Tori Abernathy Watch Your Step Industrial Polyvinyl on Sidewalk Winter 2011 curated by Recess Gallery from the IN(ter)DEPENDENCE exhibition
Statement Systemic regulations are usually applied in response to emergent properties within an organization; they follow. Humans respond to vibrations in their environment - it is the vibrancy that forces compulsion, or an affect. The city is a self-regulating macrosystem and, as such, will respond to emergent pathways within and between its parts. The language of the city is as readable, digestible, user-friendly as possible, but the volume is turned up high. A bright red stop sign alerts you at the end of the street, and it seems natural. The origin of that stop sign is hard to trace now. Did the stop sign precede the desire to halt at the intersection, or vice versa? We can make a decent guess, I bet. Like the majority of encountered stimuli, the visuality of the city’s operations have been made explicit and are therefore rendered passive and silent. While adopting the city’s own methodology, the artist can effect those emergent pathways, organically redrawn by members of the ecosystem. En masse, humans have the power to carve their own topography, and they do. Demarcating this possibility highlights the potential of individual human agency. Sometimes the shortest distance between to points is treacherous in its unruliness. With the cautionary message “watch your step” situated at the meeting place of the sidewalk and the footpath, the artist will variably affect the city’s pedestrian highways. These rifts in the directive structures of the system will stand as predictions for future development. Further, the text itself, when removed from context, is truly a warning for the actant. Take the artist’s direction with a grain of salt; she might not have your best interests in mind.

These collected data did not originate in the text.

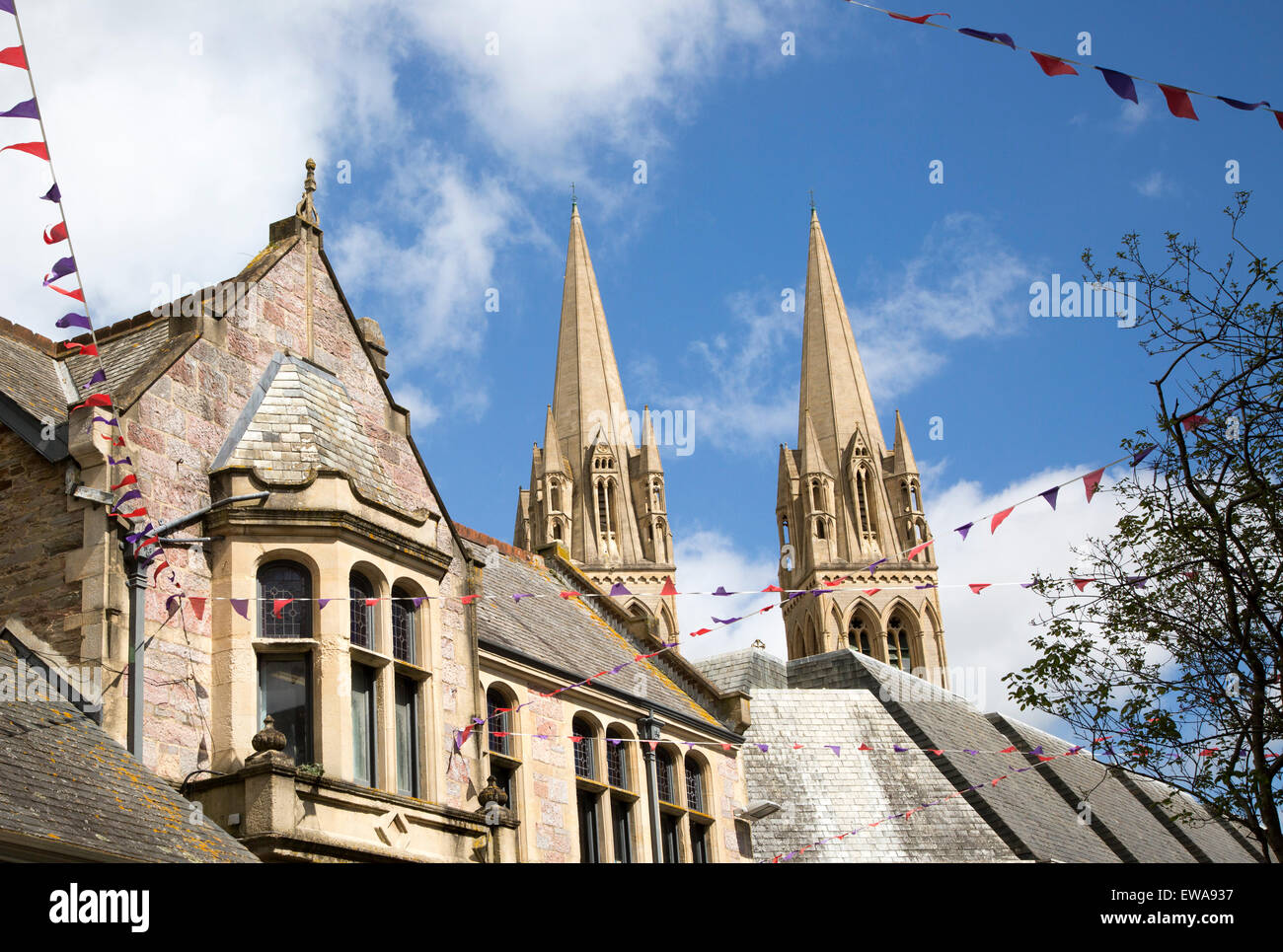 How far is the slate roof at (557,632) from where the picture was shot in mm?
22359

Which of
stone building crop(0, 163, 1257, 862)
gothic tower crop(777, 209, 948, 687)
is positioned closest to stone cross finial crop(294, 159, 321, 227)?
stone building crop(0, 163, 1257, 862)

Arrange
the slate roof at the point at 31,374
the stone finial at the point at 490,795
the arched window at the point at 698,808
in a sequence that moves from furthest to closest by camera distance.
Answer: the arched window at the point at 698,808 < the stone finial at the point at 490,795 < the slate roof at the point at 31,374

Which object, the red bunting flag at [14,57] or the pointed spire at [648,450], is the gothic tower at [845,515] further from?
the red bunting flag at [14,57]

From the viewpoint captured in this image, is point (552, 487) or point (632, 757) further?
point (552, 487)

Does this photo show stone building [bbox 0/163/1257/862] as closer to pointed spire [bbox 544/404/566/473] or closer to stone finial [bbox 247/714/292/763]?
stone finial [bbox 247/714/292/763]

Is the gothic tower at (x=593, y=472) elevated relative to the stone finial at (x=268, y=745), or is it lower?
elevated

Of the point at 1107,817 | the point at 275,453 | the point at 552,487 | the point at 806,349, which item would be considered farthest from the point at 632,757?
the point at 806,349

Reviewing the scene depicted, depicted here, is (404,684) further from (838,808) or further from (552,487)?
(552,487)

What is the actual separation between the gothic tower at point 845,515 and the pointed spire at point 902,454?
0.07 meters

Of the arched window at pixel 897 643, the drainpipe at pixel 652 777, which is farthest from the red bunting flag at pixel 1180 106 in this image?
the arched window at pixel 897 643

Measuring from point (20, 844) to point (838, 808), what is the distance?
73.3 feet

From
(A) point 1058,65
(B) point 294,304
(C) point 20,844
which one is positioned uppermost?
(B) point 294,304

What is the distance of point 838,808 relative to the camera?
3145cm

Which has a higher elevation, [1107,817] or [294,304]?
[294,304]
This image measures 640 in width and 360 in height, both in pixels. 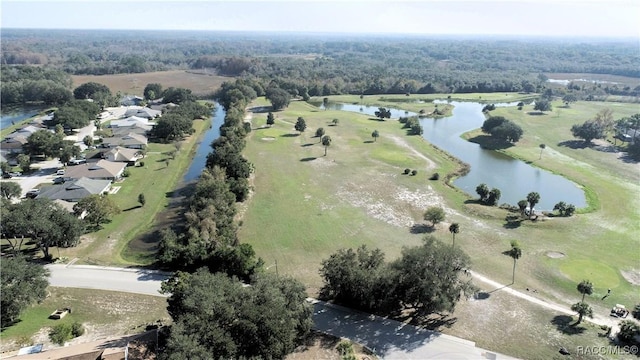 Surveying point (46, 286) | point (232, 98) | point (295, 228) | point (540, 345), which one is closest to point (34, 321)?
point (46, 286)

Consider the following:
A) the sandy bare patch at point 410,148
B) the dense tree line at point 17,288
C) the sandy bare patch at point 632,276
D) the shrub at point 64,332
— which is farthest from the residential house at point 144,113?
the sandy bare patch at point 632,276

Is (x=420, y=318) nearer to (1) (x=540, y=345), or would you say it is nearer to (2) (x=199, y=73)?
(1) (x=540, y=345)

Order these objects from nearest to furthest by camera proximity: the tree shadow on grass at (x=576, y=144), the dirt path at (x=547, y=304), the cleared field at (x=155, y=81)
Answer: the dirt path at (x=547, y=304)
the tree shadow on grass at (x=576, y=144)
the cleared field at (x=155, y=81)

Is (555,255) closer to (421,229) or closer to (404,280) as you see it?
(421,229)

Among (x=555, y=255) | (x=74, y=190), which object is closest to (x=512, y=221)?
(x=555, y=255)

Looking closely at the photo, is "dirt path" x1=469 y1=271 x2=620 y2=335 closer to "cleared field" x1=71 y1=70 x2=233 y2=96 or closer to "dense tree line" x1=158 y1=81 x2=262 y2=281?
"dense tree line" x1=158 y1=81 x2=262 y2=281

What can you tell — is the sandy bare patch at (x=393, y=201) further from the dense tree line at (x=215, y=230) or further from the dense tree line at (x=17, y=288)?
the dense tree line at (x=17, y=288)

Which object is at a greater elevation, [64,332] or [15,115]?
[15,115] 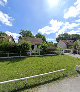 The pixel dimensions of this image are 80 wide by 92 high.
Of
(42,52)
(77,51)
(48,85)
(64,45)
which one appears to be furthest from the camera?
(64,45)

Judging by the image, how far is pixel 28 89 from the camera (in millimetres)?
13133

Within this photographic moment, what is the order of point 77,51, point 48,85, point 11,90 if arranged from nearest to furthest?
point 11,90
point 48,85
point 77,51

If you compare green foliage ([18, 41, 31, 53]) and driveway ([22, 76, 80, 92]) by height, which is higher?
green foliage ([18, 41, 31, 53])

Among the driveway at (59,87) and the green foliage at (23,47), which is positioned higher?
the green foliage at (23,47)

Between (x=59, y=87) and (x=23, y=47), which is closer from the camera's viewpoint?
(x=59, y=87)

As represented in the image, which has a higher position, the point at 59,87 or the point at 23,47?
the point at 23,47

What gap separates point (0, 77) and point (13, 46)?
1787cm

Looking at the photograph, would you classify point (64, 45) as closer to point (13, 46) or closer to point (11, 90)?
point (13, 46)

Description Watch Your Step is a series of colored vinyl lettering that reads “watch your step” placed around the city of Portland at crucial intersections of designated and emergent pedestrian paths. Photographic documentation of each location will capture the project’s ephemera for permanent public viewing.
Exhibition Description The IN(ter)DEPENDENCE exhibition points to the emergence, in and around Portland over the last 5 years, of small, independently operated, and self-funded cultural hubs. These creative centers have sprung from garages, sheds, old store fronts, unusual gallery situations, above creeks, and within vacant retail spaces. The cross section of these centers represented in IN(ter)DEPENDENCE have introduced exciting new levels of refinement, fresh inspiration, and consistency into the familiar DIY sensibility the Northwest is known for.
Each space or curator participating was asked to nominate an artist or collaborative group to represent them in them in the IN(ter)DEPENDENCE exhibition.